Classify interactive images with Jupyter Notebook on Red Hat OpenShift AI

Jupyter Notebook works with OpenShift AI to interactively classify images. In this learning path, you will use TensorFlow and ipywidgets to simulate real-time data streaming and visualization and interact directly with AI models.

Try it in our Developer Sandbox

This first lesson will walk you through the first two steps of launching your workbench.

Prerequisites:

In this lesson, you will:

  • Launch a workbench in OpenShift AI.
  • Prepare a dataset.
  • Automate the fetching of datasets using Kaggle's API.
  • Enable direct access to large datasets for machine learning.

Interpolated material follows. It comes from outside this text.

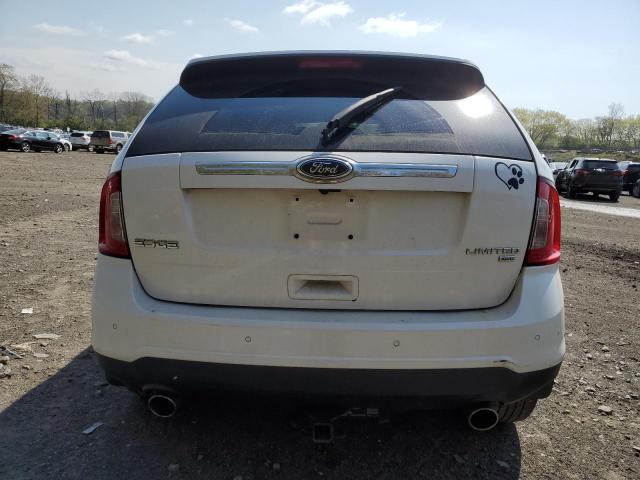 Photo 5 VIN: 2FMDK4KC9CBA75983 - FORD EDGE LIMIT 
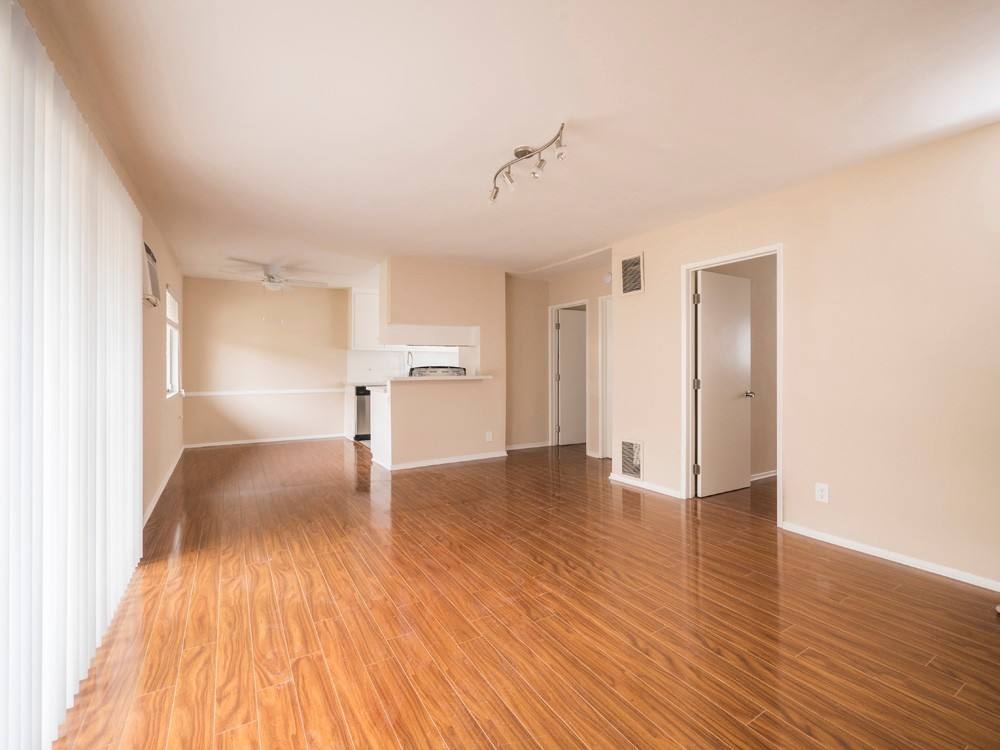 Apartment for rent at 15114 Dickens St, Sherman Oaks, CA 91403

Launch a workbench in OpenShift AI

To launch and OpenShift AI workbench, follow these steps:

  1. Navigate to the OpenShift AI dashboard, as shown in Figure 1.

    Alt text: Developer Sandbox selection: OpenShift AI
    Figure 1: Selecting a component of the Developer Sandbox.
  2. Click Launch for the OpenShift AI component of the sandbox.
    Once you select the OpenShift AI sandbox instance, it will take you to the OpenShift AI console dashboard. The interface includes a navigation menu on the left with options like Home, Applications, Data Science Projects, Data Science Pipelines, Experiments, Model Serving, and Resources. 
  3. Navigate to Home (Figure 2).

    Alt text: A screenshot of the OpenShift AI dashboard.
    Figure 2: OpenShift AI dashboard.
  4. Click Data Science Projects. Here, you can choose or create a project where you'll conduct your experiments (Figure 3). 

    The OpenShift AI dashboard shows the data science projects.
    Figure 3: Dashboard of data science projects in OpenShift AI.

Create a new workbench

  1. Click on your project name from the list of project names, then navigate to the workbenches section in the main content area (Figure 4).
  2. Click Create a workbench to initiate a new workbench, as shown in Figure 4. 
      

    The workbench interface shows the “Create a workbench” button.
    Figure 4: Create a workbench interface.
  3. Configure your project, as shown in Figure 5
    1. Name: Give it a descriptive name (e.g., interactive_classification).
    2. Notebook image: Select TensorFlow, as our model will use this framework.
    3. Deployment size: Choose Medium for a balanced performance.
    4. Cluster storage: When you add a name, the system will automatically create storage for your notebook. If you chose interactiveclassification, it will provision a storage component called interactiveclassification-storage with “Max 20GB”).  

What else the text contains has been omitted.